Work to complete
The required answer is the data below, restated word for word with images omitted.

Data excerpt
========================

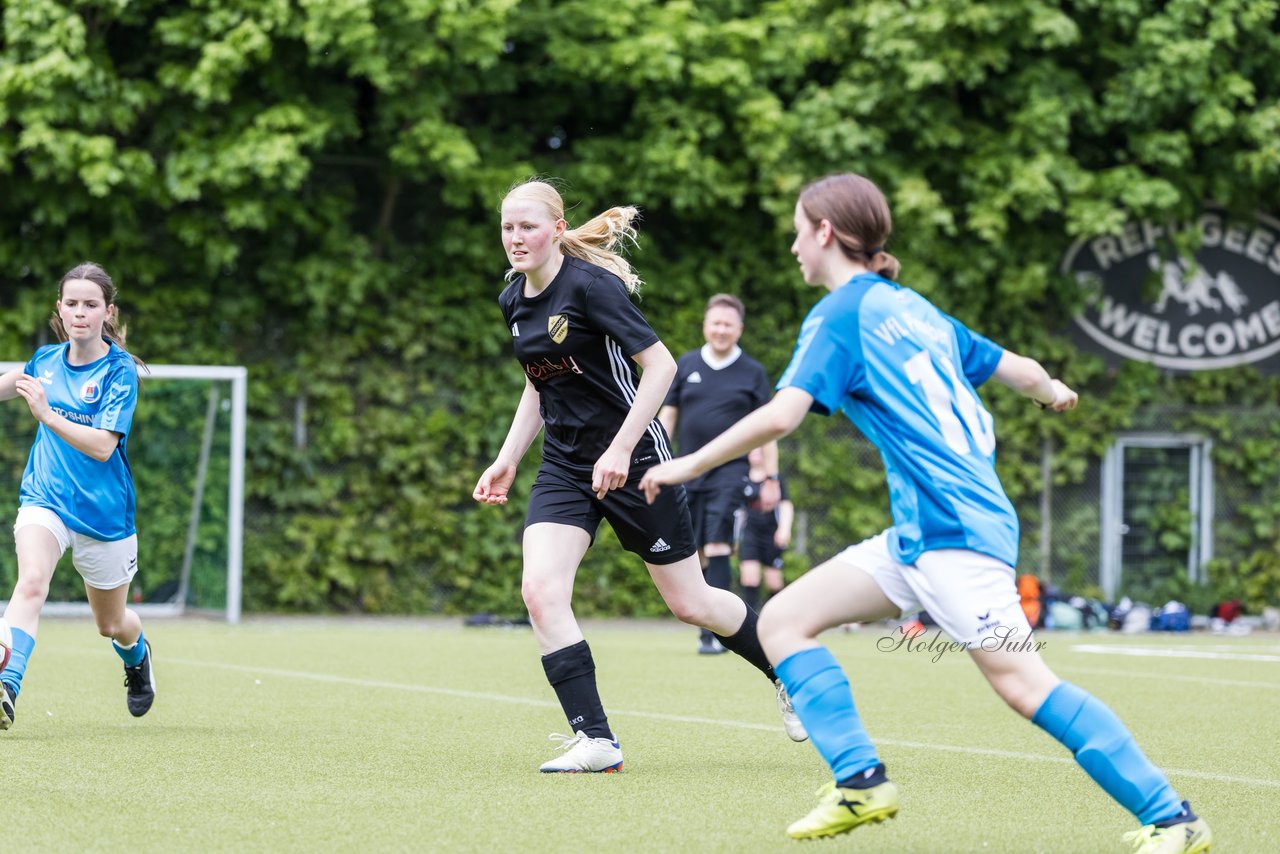 Bild 113 - wBJ SC Condor - VfL Pinneberg : Ergebnis: 3:2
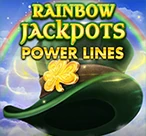 Rainbow Jackpots Power Lines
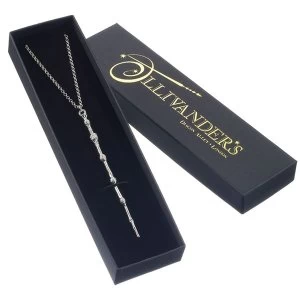 Image of Gift Boxed Professor Dumbledore Wand Necklace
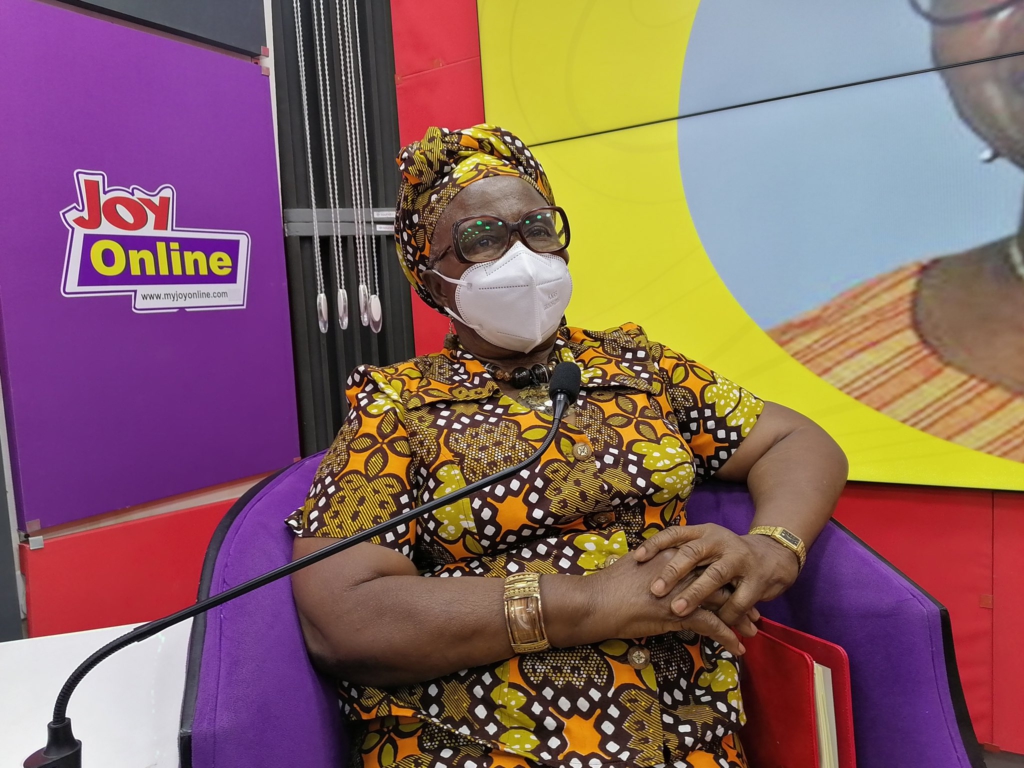 I regret not patenting the veronica bucket Veronica Bekoe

========================

Result of this task
 Bild 113 - wBJ SC Condor - VfL Pinneberg : Ergebnis: 3:2
 Rainbow Jackpots Power Lines
 Image of Gift Boxed Professor Dumbledore Wand Necklace
 I regret not patenting the veronica bucket Veronica Bekoe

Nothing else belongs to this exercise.